By the time this blog is posted, we’ll be somewhere over the Southern Ocean, heading toward Christchurch, New Zealand. We’ve had an incredible month here in Antarctica, and it’s been wonderful to share our experiences with you all. Here’s one final blog answering more questions from the students in Windsor, VT. Many thanks to the students who asked such great questions – you have made us think about our experiences from new perspectives. We can’t wait to meet you sometime this spring!

1. How are Antarctica’s Dry Valleys desert similar and different to warm climate deserts here in the US?

It can be surprising to learn that Antarctica is a huge desert, since warm deserts (like in the Southwest US) tend to come first to people’s minds. Although the two landscapes may look very different, there are actually a lot of similarities. For instance, think about the organisms that survive in these harsh environments. Desert organisms need to be able to cope with long periods of time with no liquid water, and they need to immediately take advantage of the water when it returns. In both warm and cold climates, organisms deal with this challenge in similar ways by entering a state called cryptobiosis, which allows them to live indefinitely when conditions are unfavorable. Cryptobiosis is an adaptation that allows organisms in both cold and warm deserts to survive.

Tardigrades, or water bears, seen here through a microscope, are experts at entering cryptobiosis.

Of course, there are many differences between the Dry Valleys and the Southwestern US. One big difference has to do with where liquid water comes from. In the Dry Valleys, the majority of the liquid water running through streams comes from glacier melt during the warm summer months, which is not the case in the Southwest. What do you think might happen to the Dry Valley landscape as the climate warms?

The majority of the liquid water in the Dry Valleys comes from melting glaciers. Here, Taylor Glacier drips in the beaming sun.

2. Is the Commonwealth Glacier, or any glacier different from an ice sheet? What is the thinnest depth of the 1+ mile thick ice sheet?

Yes, glaciers are different from ice sheets! Mostly, it’s a matter of scale. Ice sheets are enormous. There is so much ice that at the top of an ice sheet, all you can see in any direction is a flat white expanse. At the center of an ice sheet, the underlying land surface – the mountains and valleys that would be exposed if there were no ice – doesn’t influence the direction of ice flow. Ice flows out in all directions from the thickest point of the ice sheet, regardless of what’s beneath it. At the edges of an ice sheet, however, there can be areas that are very thin, and mountains can even poke up through the ice.

Although the Taylor Glaciers flows out of a huge ice sheet, it is a valley glacier, since it is confined to the valley between towering mountains.

Valley glaciers, like the Commonwealth Glacier, are much smaller than ice sheets. Valley glaciers, as the name implies, are confined to the space between two mountains, so the local topography is very important in determining where the ice flows.
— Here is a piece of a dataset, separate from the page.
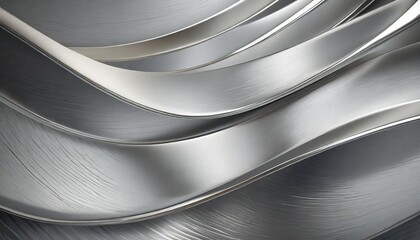 aluminum silver platinum elegant background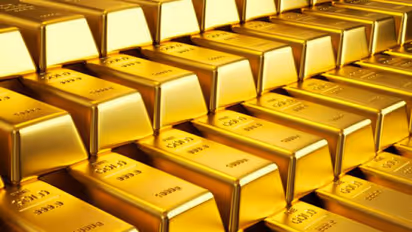 gold bars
The Commonwealth Glacier is a beautiful example of a valley glacier – it’s narrow between two mountains, and then expands as it reaches the floor of Taylor Valley.

3. In the photo with your tent, how far away is your tent from the Commonwealth Glacier? Also, how far are you from the mountain in the background?

Our tents at F6 Camp are about 1.5 miles away from the Commonwealth Glacier, if we were to take the shortest route. The camp is about 7 to 8 miles away from the tallest mountains you can see in the photo. In order to answer your questions, I had to measure the distances on a map. Scale is really hard to judge in Antarctica. With no trees or buildings, it’s almost impossible to tell how far away something is.

Distances and elevations can be very deceiving in Antarctica. Mount Erebus, the southernmost active volcano, seems so close to McMurdo. In reality, it’s almost 30 miles away and is 12,500 feet tall! I would never guess that by looking at this photo!

4. Do you take water samples along with soil samples? Do you take soil samples under water?

Great questions! Although I’m focused on collecting soil samples, Jess and many other scientists working in the Dry Valleys collect water samples from streams, ponds, and lakes. They analyze these samples to see what organisms live in the water and to determine the nutrients and other chemicals in the water. So yes, we definitely collect water samples.

Jess collects water samples from one of the many ponds in Taylor Valley.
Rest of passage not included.